Ao relatar a notícia, o Cidade Alerta, da Record, estampou a legenda: "Garotinha vítima do padrasto cruel".

Ao longo de cinco minutos, entrevistados acusaram o homem de cometer crime, responsabilizando-o inclusive por violência sexual contra a vítima.

Ao final, o apresentador Luiz Bacci declarou: "Agora, me digam: existe lei para punir um monstro como esse nesse país? Existe alguma lei que vá fazer justiça pela morte dessa menina? Se realmente esse padrasto for condenado pelo assassinato, tem que ser no mínimo prisão perpétua, porque em qualquer outro país, principalmente os com tolerância zero, era morte na certa".

Luiz Bacci, apresentador do Cidade Alerta - Instagram/luizbacci

Um laudo necroscópico revelou posteriormente que a menina morreu em consequência de uma grave infecção pulmonar.

Os hematomas encontrados no dia da sua internação teriam sido causados por uma queda durante uma convulsão.

Na ação de indenização por danos morais, o homem conseguiu, em primeira instância, que a reportagem fosse excluída da internet.

Na semana passada, em segunda instância, o Tribunal de Justiça de São Paulo condenou a Record e Luiz Bacci a pagarem R$ 50 mil a título de indenização.

O mais interessante no caso é a aula de jornalismo dada pela relatora do processo, a desembargadora Marcia Dalla Déa Barone.

Ela observa que o Cidade Alerta foi muito além do dever de informar, que é um princípio garantido pela Constituição. Concordo, o caso não se reduz a uma discussão sobre liberdade de imprensa.

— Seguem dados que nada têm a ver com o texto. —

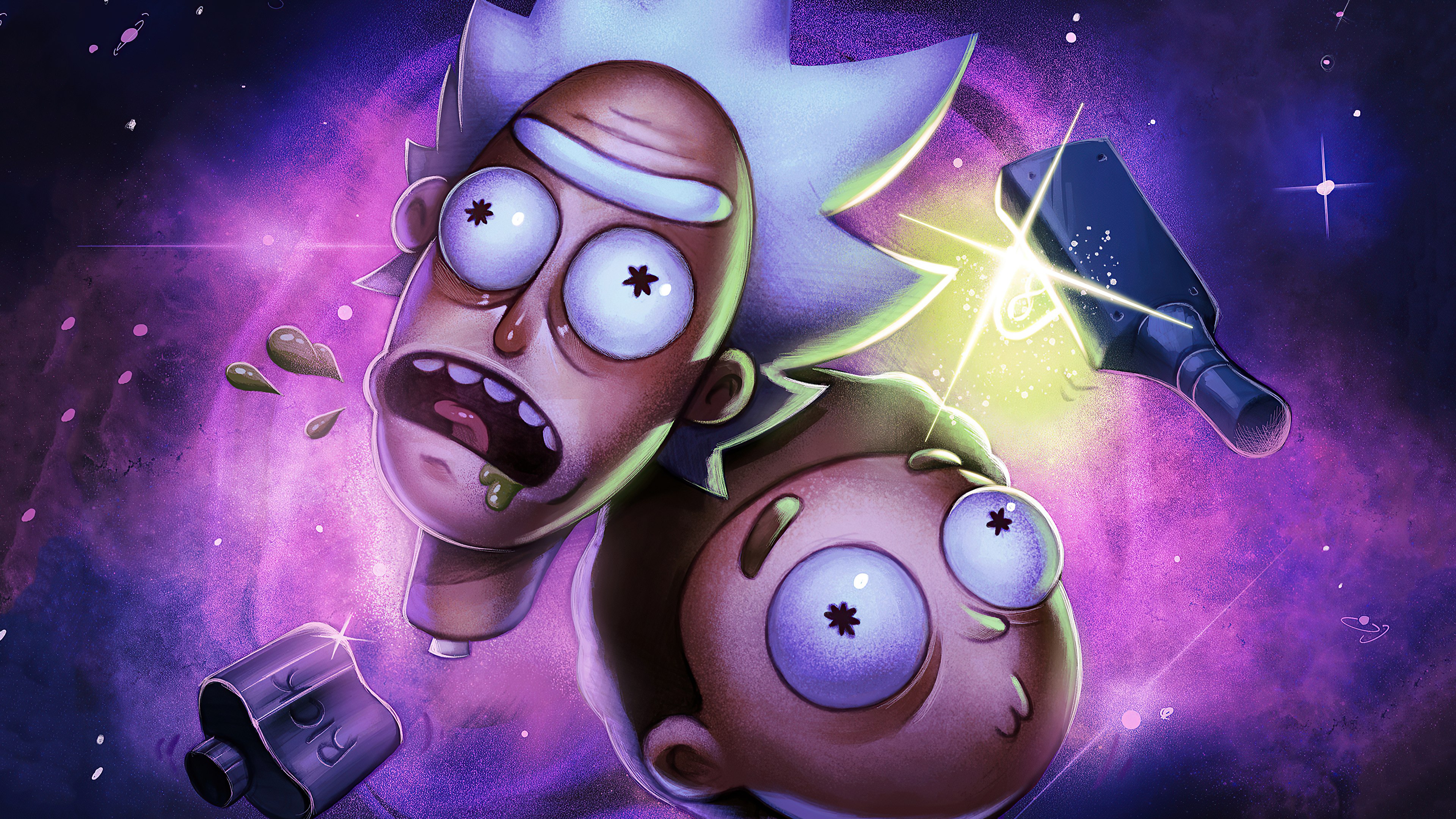 Rick and Morty, Séries de TV, Rick Sanchez, Morty Smith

"A reportagem não teve o objetivo de informar, mas conduziu o público a formar uma imagem pejorativa sobre o autor", diz a desembargadora.

"A notícia não teve o intuito de relatar uma investigação, mas sim intuito sensacionalista, tirando o autor da posição de suspeito de crime para promovê-lo a acusado", observa.

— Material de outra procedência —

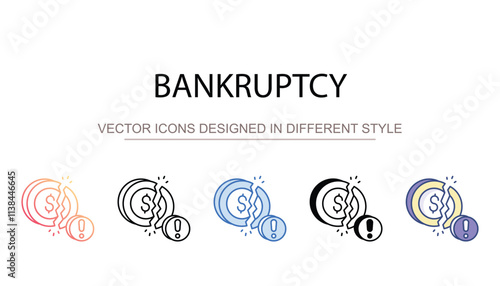 Bankruptcy icon design with white background stock illustration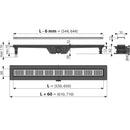 Размери и техническа спецификация на линеен сифон с месингова решетка в черен мат.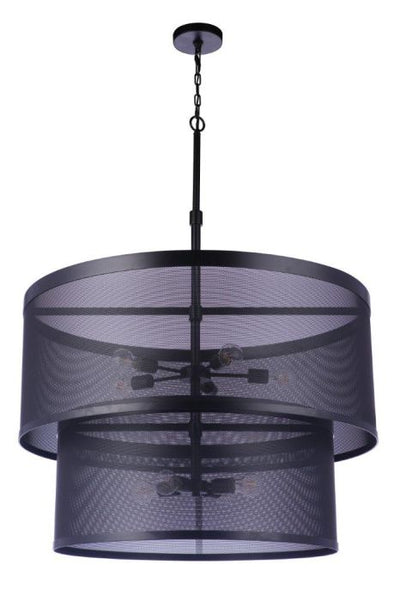 Mesh 9 Light Pendant in Flat Black Pendant Craftmade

E acrescenta que a imprensa não tem "o direito de insultar de modo inconsequente, em violação a direitos atribuídos à pessoa, de modo que a notícia não poderá expor pessoas à repulsão pública".

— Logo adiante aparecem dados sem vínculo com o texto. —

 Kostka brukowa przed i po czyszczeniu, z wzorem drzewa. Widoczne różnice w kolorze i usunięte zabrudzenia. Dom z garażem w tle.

A avaliação da desembargadora vai no nervo do que programas como o Cidade Alerta tem de pior e mais nefasto. Ela percebe o poder da edição, que reúne uma série de depoimentos sem base factual para construir a imagem negativa do suspeito e transformá-lo no que o apresentador vai chamar de "monstro".

Esse trabalho da edição busca sensibilizar o espectador, provocando sentimentos variados que vão da piedade ao desejo de vingança. É uma receita perfeita, que leva ao diagnóstico moralista e catártico do apresentador.

Programas policiais entendem que cabe a eles acumular o papel de polícia e de juiz, instigando a solução de crimes e apresentando o que esperam do julgamento dos criminosos.

Atrações desse tipo não fazem bem nunca, mas no momento atual, creio, são ainda piores. Basta um "passeio" pelas redes sociais para ver como proliferam mensagens de enaltecimento à violência.

Em julho deste ano, um homem acusado de um crime bárbaro foi assassinado com sete tiros horas depois de a sua imagem ser exibida no Cidade Alerta. O apresentador chegou a dizer: "Por favor, não façam justiça com as próprias mãos. Até porque ele é investigado".

Como não tenho muita esperança que os programas vespertinos policiais se tornem mais responsáveis, resta elogiar quem pode cobrá-los pelas consequências dos seus atos.